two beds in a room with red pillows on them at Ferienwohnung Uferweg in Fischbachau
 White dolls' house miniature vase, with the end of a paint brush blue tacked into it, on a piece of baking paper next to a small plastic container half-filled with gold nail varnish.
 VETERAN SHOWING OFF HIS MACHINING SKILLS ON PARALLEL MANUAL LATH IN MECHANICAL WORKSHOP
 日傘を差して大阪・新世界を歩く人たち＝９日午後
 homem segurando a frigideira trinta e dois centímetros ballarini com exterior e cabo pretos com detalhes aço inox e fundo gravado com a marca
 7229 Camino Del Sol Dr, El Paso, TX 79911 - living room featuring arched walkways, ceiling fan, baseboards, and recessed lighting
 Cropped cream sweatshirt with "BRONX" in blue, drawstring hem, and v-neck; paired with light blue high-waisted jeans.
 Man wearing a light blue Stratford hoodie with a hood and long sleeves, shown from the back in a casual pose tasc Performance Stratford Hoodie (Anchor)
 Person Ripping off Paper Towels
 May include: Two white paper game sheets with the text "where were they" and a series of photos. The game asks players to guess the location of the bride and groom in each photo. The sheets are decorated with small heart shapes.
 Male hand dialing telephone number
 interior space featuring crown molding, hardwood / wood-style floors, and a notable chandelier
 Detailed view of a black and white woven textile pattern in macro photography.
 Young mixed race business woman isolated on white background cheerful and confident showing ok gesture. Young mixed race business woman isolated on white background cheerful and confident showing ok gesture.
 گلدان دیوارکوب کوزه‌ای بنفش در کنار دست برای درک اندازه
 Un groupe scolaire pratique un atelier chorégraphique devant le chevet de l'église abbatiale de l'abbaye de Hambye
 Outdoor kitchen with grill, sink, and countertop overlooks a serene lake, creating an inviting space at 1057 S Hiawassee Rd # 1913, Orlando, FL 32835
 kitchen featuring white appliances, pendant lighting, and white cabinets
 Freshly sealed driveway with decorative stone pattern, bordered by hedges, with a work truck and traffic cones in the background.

+--

▶ _Work task_: Each line above that has the word "space" must be copied.

▶ _Result for this task_:
 interior space featuring crown molding, hardwood / wood-style floors, and a notable chandelier
 Outdoor kitchen with grill, sink, and countertop overlooks a serene lake, creating an inviting space at 1057 S Hiawassee Rd # 1913, Orlando, FL 32835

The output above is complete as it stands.